Al martes siguiente volvió a ir. Se llevó otro libro.
— ¿Qué estás leyendo? le pregunta otra empleada mientras le pasa un aparato por una pierna que se llama radiofrecuencia, que tiene una especie de luz naranja que no se sabe bien qué hace, pero aporta al mismo objetivo: combatir al enemigo.
—Un libro de poemas de un chico que estuvo preso y ahora es poeta
—Ah.
Al martes siguiente volvió a ir. Estaba cansada, no quería leer.
— ¿Y vos a qué te dedicás? le pregunta la misma empleada que la última vez, mientras le hace lo mismo que la vez pasada.
—Soy periodista.
— ¡Qué lindo! Mi profesión frustrada.
— ¿En serio?
— Si, empecé a estudiar en tal escuela de periodismo y dejé.
— Ah, mirá vos. Tal escuela la dirigió mi editor ¿conocés a fulano?
— Si lo conozco. El me insistió para que no dejara. Igual después dejé y empecé derecho en la Universidad. Al principio me daba miedo el edificio, pero después pude entrar.

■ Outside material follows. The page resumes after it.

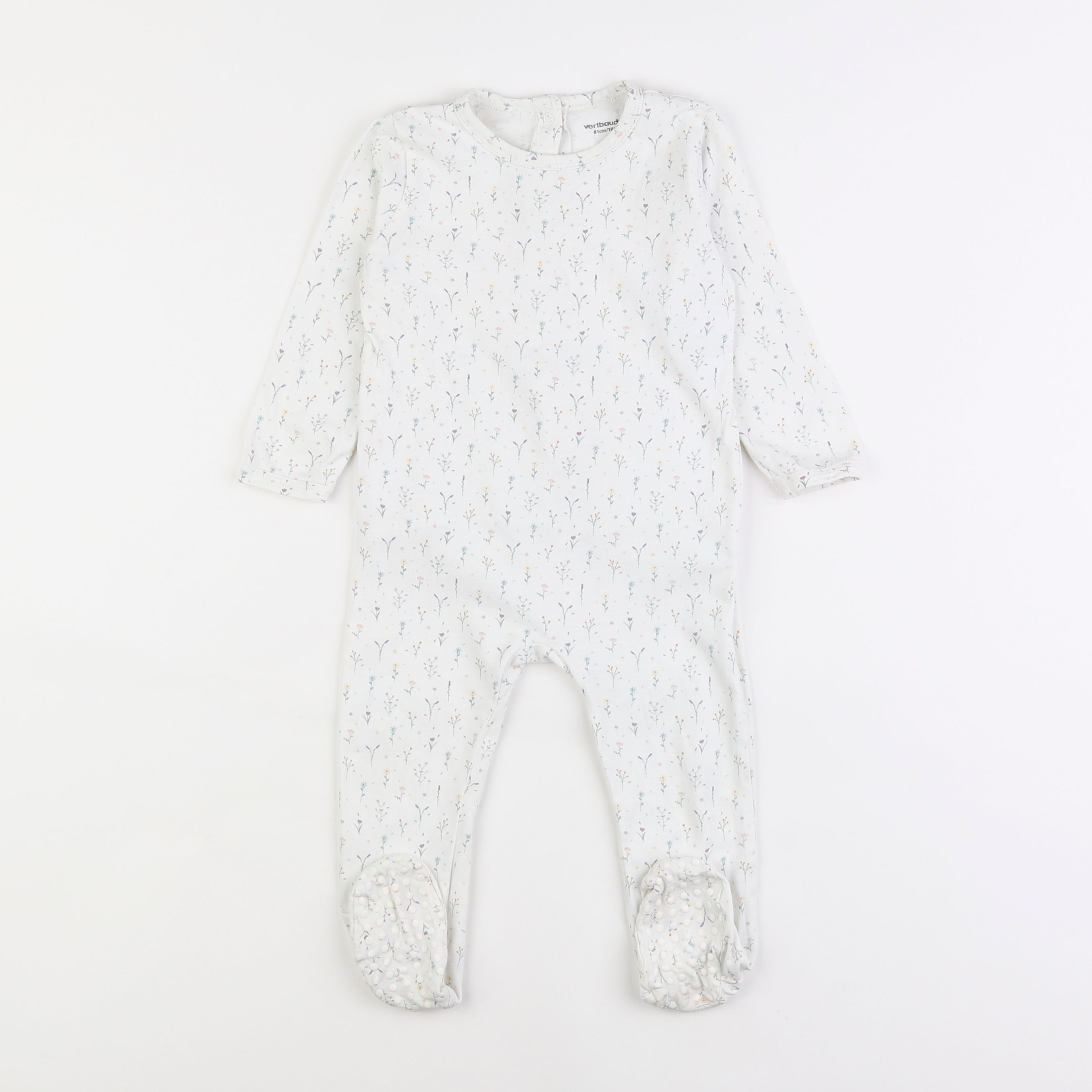 Vertbaudet - pyjama coton multicolore - 18 mois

Le daba miedo el edificio. A Mónica le daba miedo el edificio. Ni bien la conoció, Mara pensó que era doctora o esteticista o algo así. Es que Mónica es una chica de cuarentipocos con ambo, seria, bastante callada y muy profesional en sus movimientos. Pero resultó ser la hija de la dueña, que empezó a estudiar periodismo, derecho, educación física y dejó. Finalmente hizo un curso de estética. Lo terminó. Pero se casó y dejó todo. Empezó, después, a tener problemas con los huesos, con su marido alcohólico, con la plata, con los hijos, con la madre.
Mara, ese día, comenzó a tener la cola más parada, pero también empezó a ayudar a Mónica. Cada martes que iba, la aconsejaba para con su marido, retomar los estudios y hacerse valer por si misma. Hasta llegó a regalarle un libro sobre feminismo.
Tal vez ir a culolandia seguía siendo superficial, pero no tanto como ella creía.